The other thing about the big mirror assemblies, especially on modern cab-overs, is their ability to produce a significant blind spot at the front quarters. Good mirrors are, of course, essential but there’s no question that as their size has increased so, too, has the space they consume in a driver’s line of sight, particularly on roundabouts.
Finally, shifts through the PowerShift 12-speed transmission were undeniably smooth and in most cases, highly intuitive. However, downshifts from top gear were perplexing to say the least. This truck teems with torque and would happily grunt its way down to around 1200 or 1300rpm in top gear before swapping down. The trouble was, all too often the transmission would drop two gears on modest grades when one shift would have comfortably sufficed.
At first it just seemed unusual but it soon became frustrating, to the point where it was better to manually select a single gear downshift out of top rather than leaving the transmission to its own devices.
It was truly odd because other than the swap out of top, most other times the transmission would downshift just one gear at a time, leaving the big bore engine to fully utilise its ample power and torque.
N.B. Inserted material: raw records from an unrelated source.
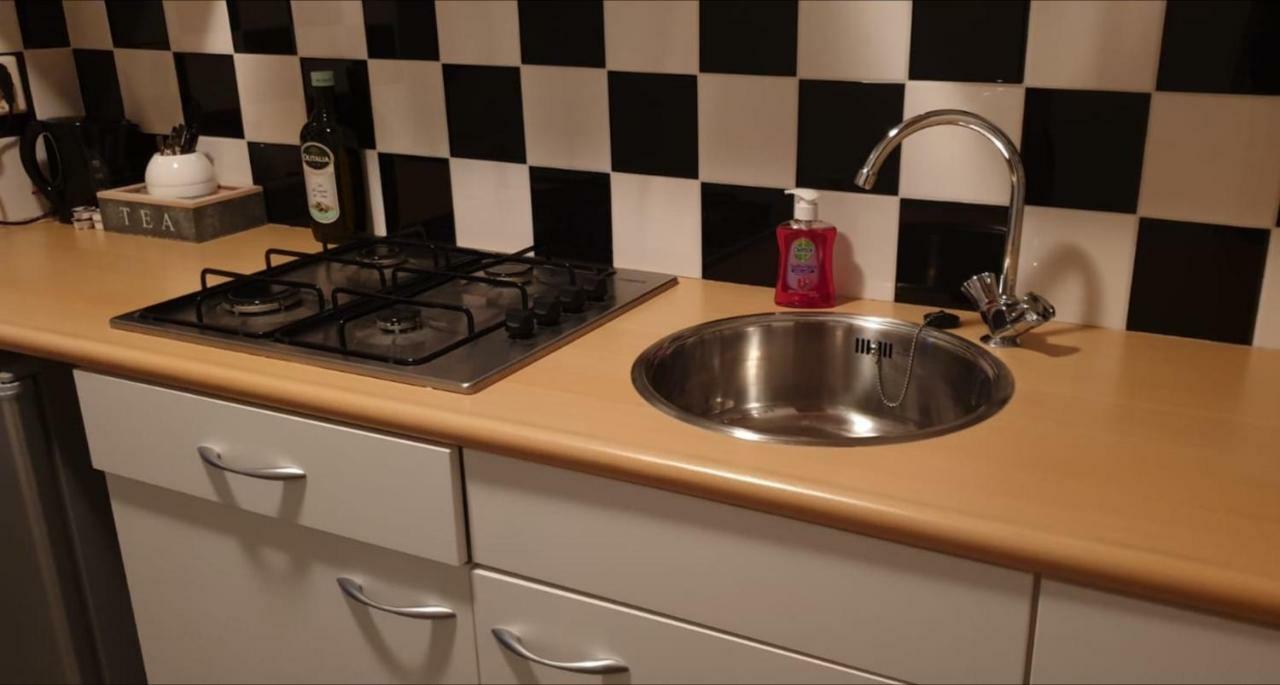 Appartement Petit Paris Vlissingen Esterno foto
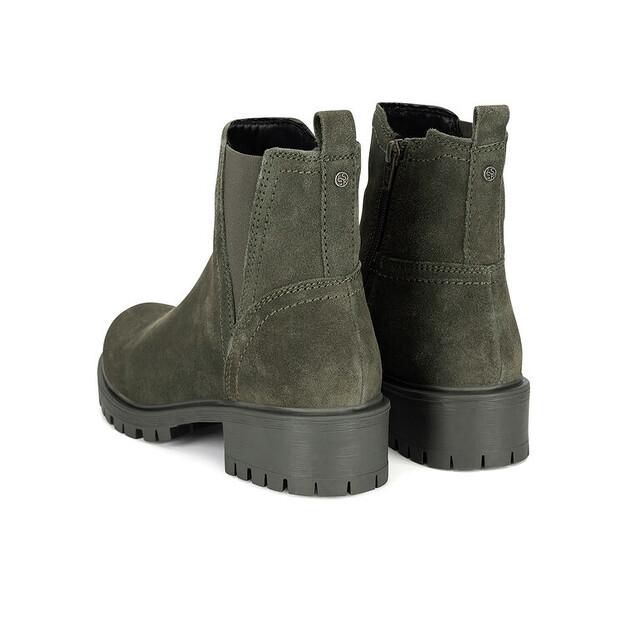 Ankle Boots Lasocki CEO-WI16-D-466-02 Green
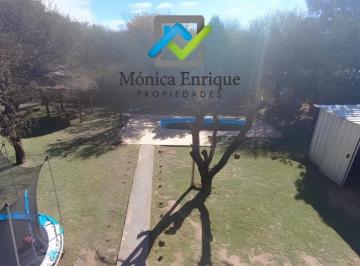 Casa · 153m² · 5 Ambientes · 1 Cochera · Alquiler Permanente en Los Molles 3 Dorm. Mas Piscina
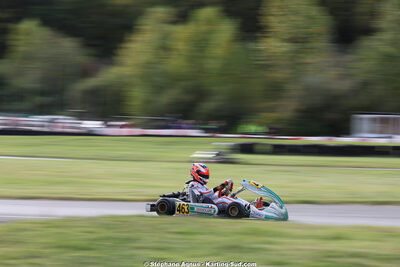 05/10/2025 : Challenge Jean-Claude Sanchez au circuit d’Aigues-Vives (photos Stéphane Agnus) 2025 — karting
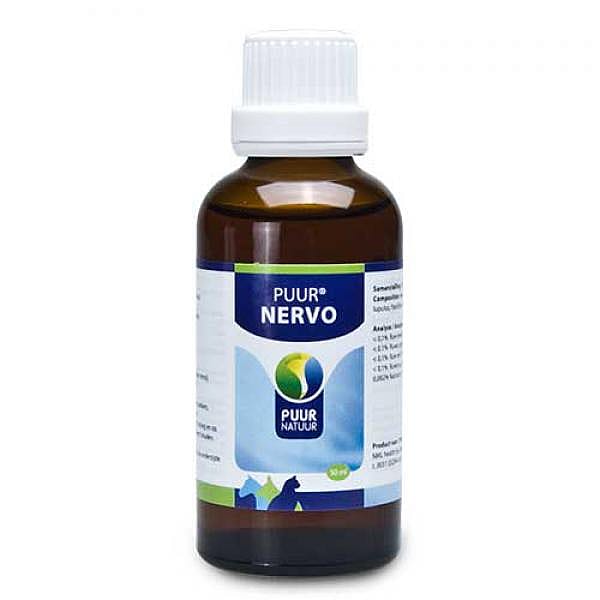 Puur Nervo Hond Kat Paard 50 ml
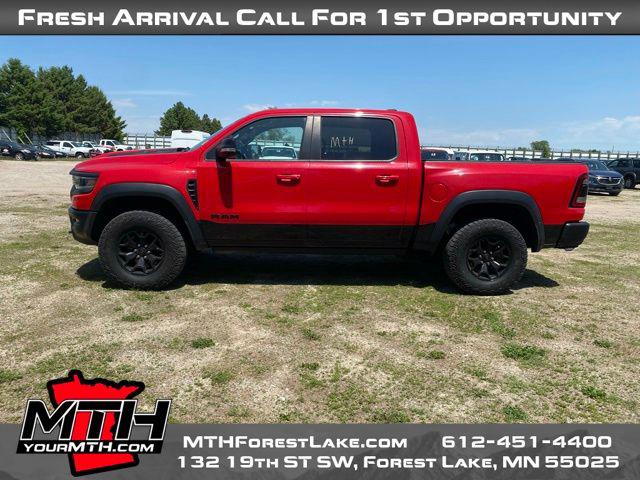 2021 Ram 1500 TRX Crew Cab 4x4 5'7" Box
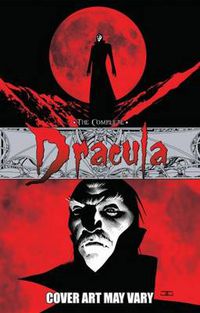 Cover image for The Complete Dracula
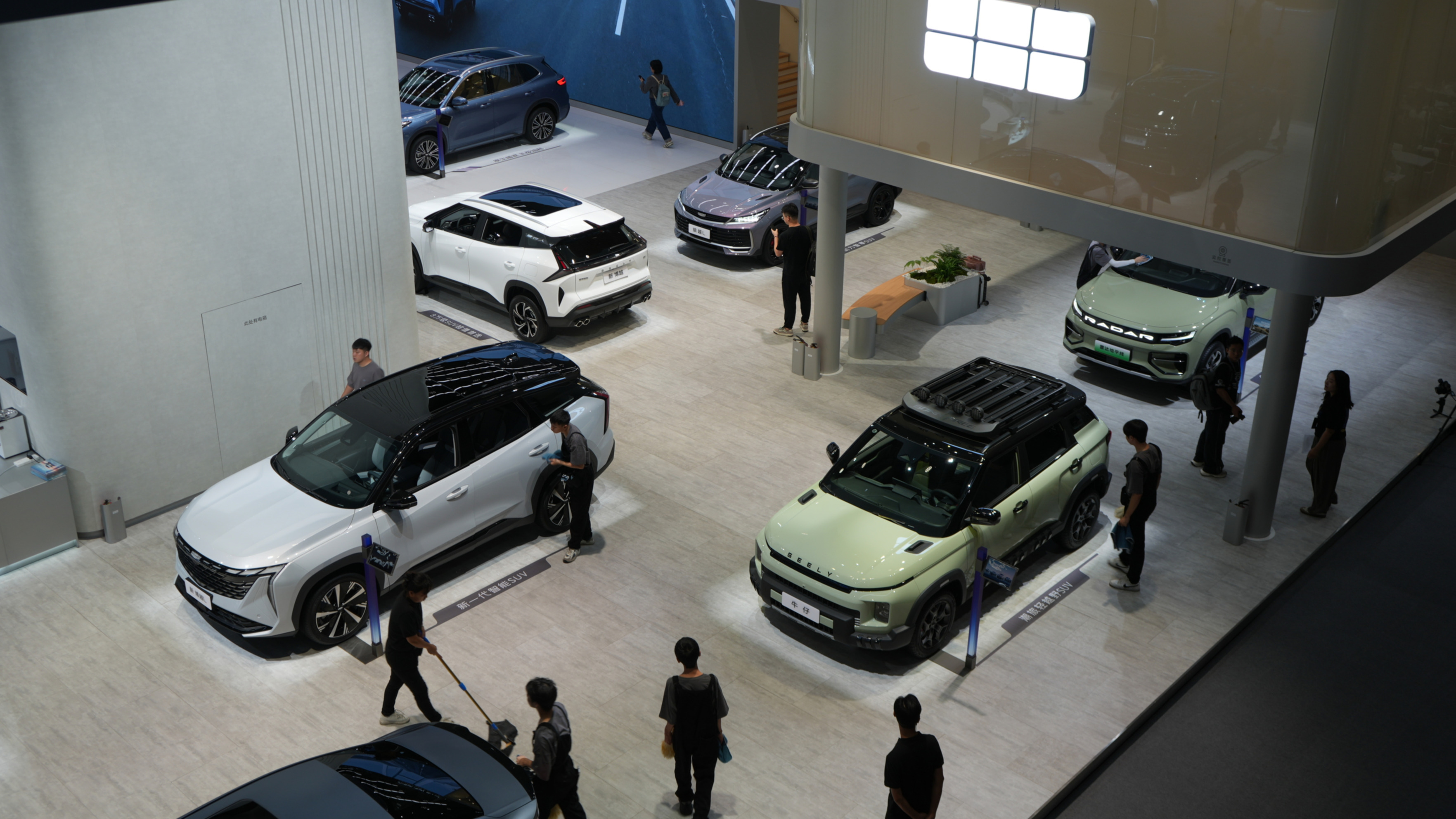 Suzuki unloads Thai plant to Ford as sales suffer against Chinese rivals - Nikkei Asia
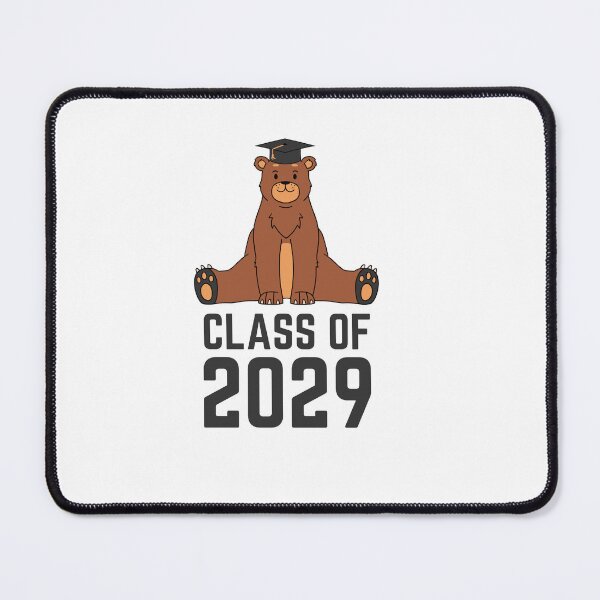 Item preview, Class of 2029 designed and sold by Bright Start Prints.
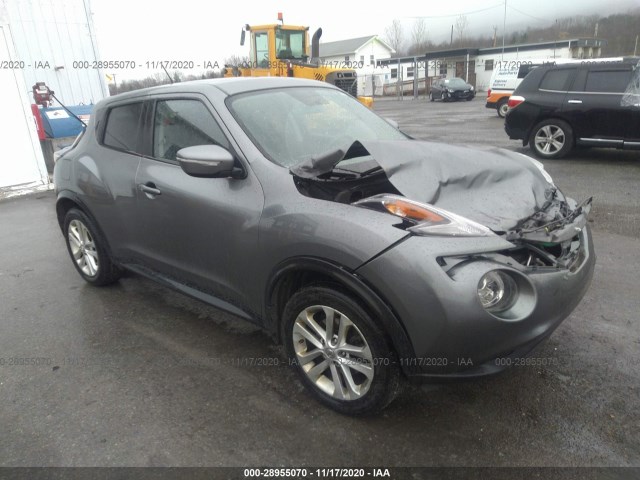 NISSAN JUKE 2016 jn8af5mv8gt657809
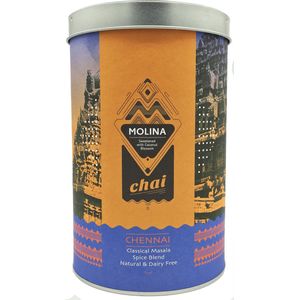 Molina Chennai vegan chai 1000 gram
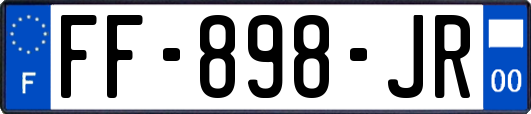 FF-898-JR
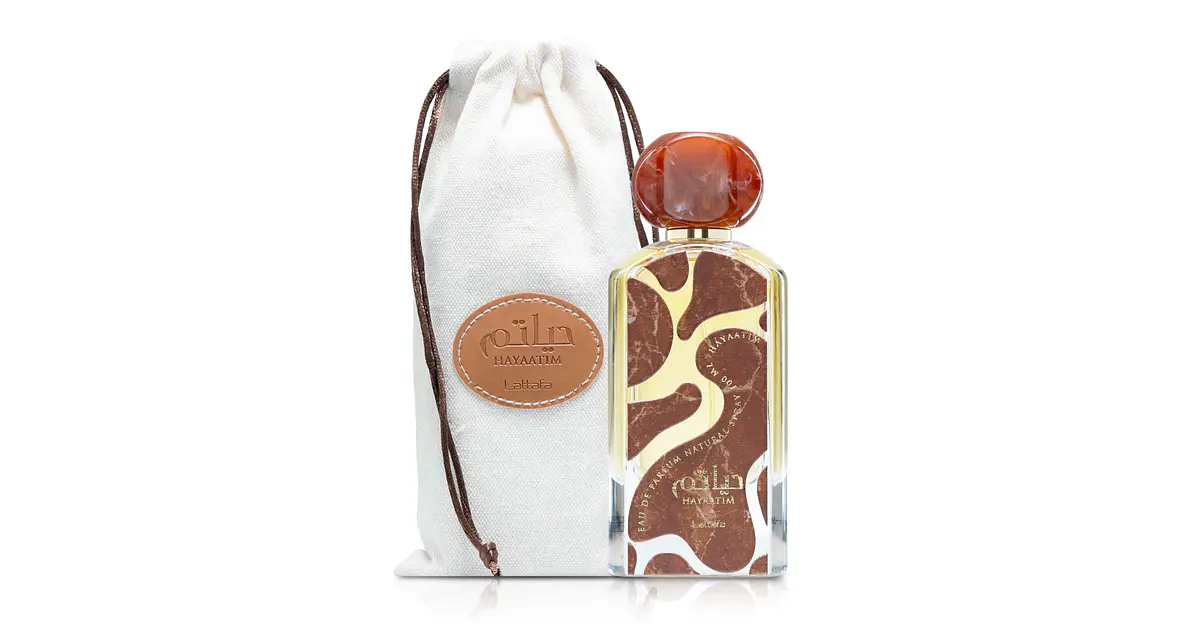 Lattafa Hayaatim Unissexo Eau de Parfum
Conversely, the engine’s prodigious torque output coped easily with upshifts generally taken two gears at a time in the low end of the box.
Again, this somewhat odd anomaly may have been a programming trait unique to this particular truck but even so, Mercedes-Benz would be well advised to check it’s not a condition common to this model, or any others for that matter.
That’s it for now. All else will be revealed within the next month or so but from this initial insight of the new Mercedes-Benz family, the firm conclusion is that the three-pointed star is poised to once again be a formidable and widely respected competitor in our fierce and unforgiving heavy-duty truck market.
Personally, I genuinely hope the new range is not marketed as Actros. From what I’ve now seen and driven, it is a far, far better truck than what that name implies.
1. Road work: familiarity comes quickly in the new Benz. All-round driver comfort is extremely good 2. Over the 900 km run the Benz averaged a remarkably thrifty fuel consumption figure of 50.3 litres/100km (1.99 km/litre) or 5.6 mpg. 3. Interior design is clean and fresh. Interior space in the 2658 hi-roof model is exceptional.
4. Pardon the unmade bed but the big Benz has the best bunk of all continental contenders on the market. The top bunk is fine for two-up roles but otherwise the space could be put to better use.
The new Mercedes-Benz stands out in any crowd. Peak hour in Coffs Harbour where average fuel consumption was down to a frugal 2.02km/litre, or 5.7mpg.